Please note: Use more sugar in the batter if not using any syrup. Kate uses 1/3 cup water, 150g (3/4 cup) sugar for the double the above recipe. You could make it to your taste and the amount of sugar you have used in the cakes.

Picture courtesy Nandita Iyer
It was wonderful and truly inspiring to meet you Kate! Thanks to you, these little cakes will be made quite often in my kitchen!


Smita Srivastava said...

These look so so gorgeous , i'm sure they wud have tasted equally divine !!

Divya Kudua said...

Kate remains my most favorite Masterchef contestants.Of course,there is Andy and Ben,but for different reasons;)Love her simplicity and her dessert recipes are awesome too.I am a bit jealous that you got to meet her,I mean Wow!Lucky you!!

Sum said...

Wow wow!! For the cakes and for meeting Kate!

Archana said...

These little bundt cakes are so pretty.

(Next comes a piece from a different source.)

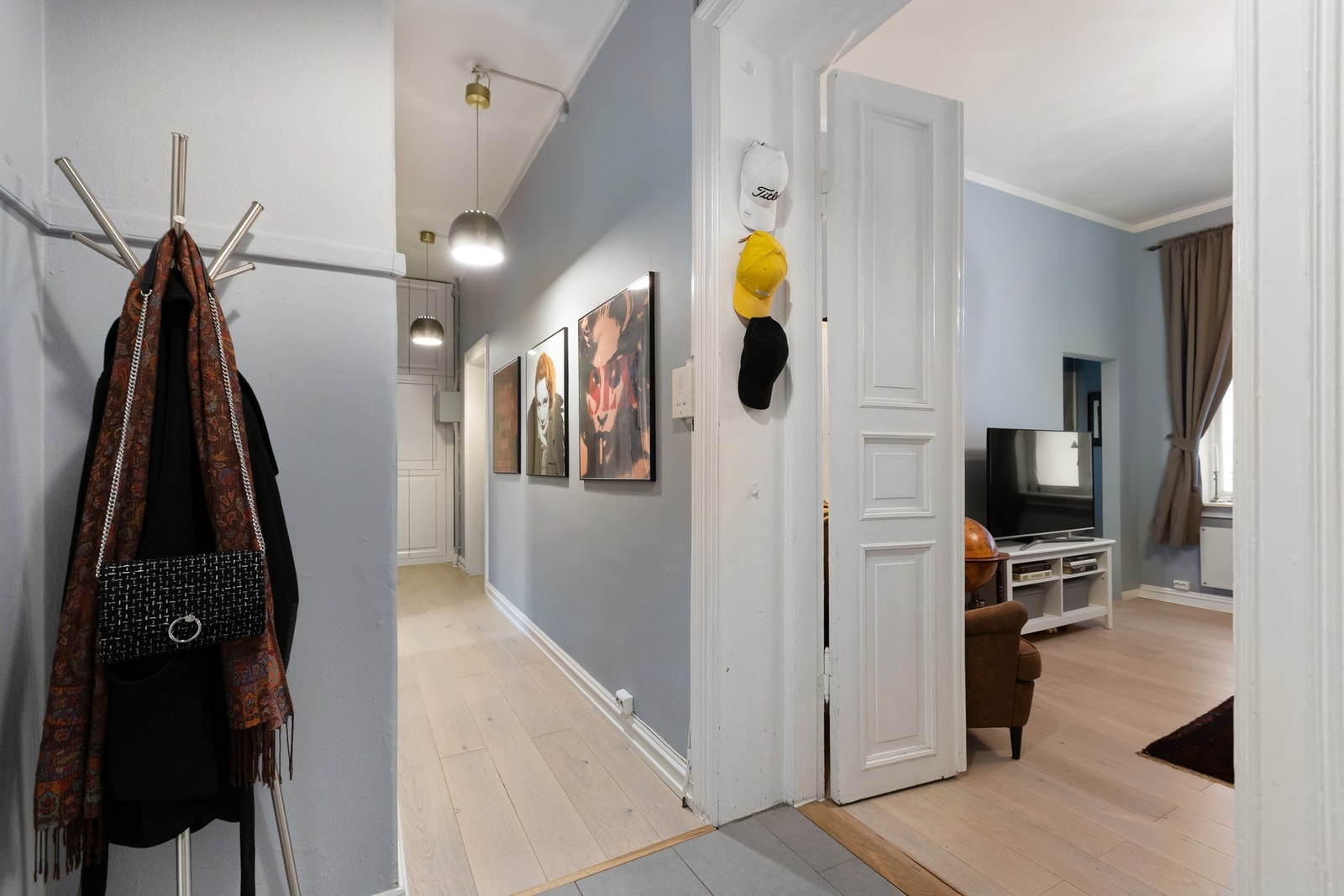 Flislagt med varmekabler for ekstra komfort i inngangspartiet Galleribilde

And am so so envious of all you guys who got to meet her !!
Do you have her book ? Love the looks of these with the pistachios..Will be in Bangalore soon, hope to meet up again this time !

great-secret-of-life said...

looks too good very tempting.. nice write up

Priya Suresh said...

Wat a life time experience na, beautiful moments with a fabulous chef..

Those bundt cakes looks damn cute and irresistible.

Meena Thennaapan said...

Love your style of writing. The cake looks fabulous. A lovely combination indeed

Gouri. said...

They look so tempting suma!

Rajani said...

It was such a great opportunity to meet Kate Bracks, so nice you could make it. Masterchef Australia is thd most fav show at our home too.
These cakes look so very tempting, pics are absolutley lovely.

Unknown said...

Absolutely wonderful! Must have been fun to meet Kate!

Poornimacookbook said...

Wow,very happy to see kate with you.I am a great fan of masterchef and i am very happy to follow your blog.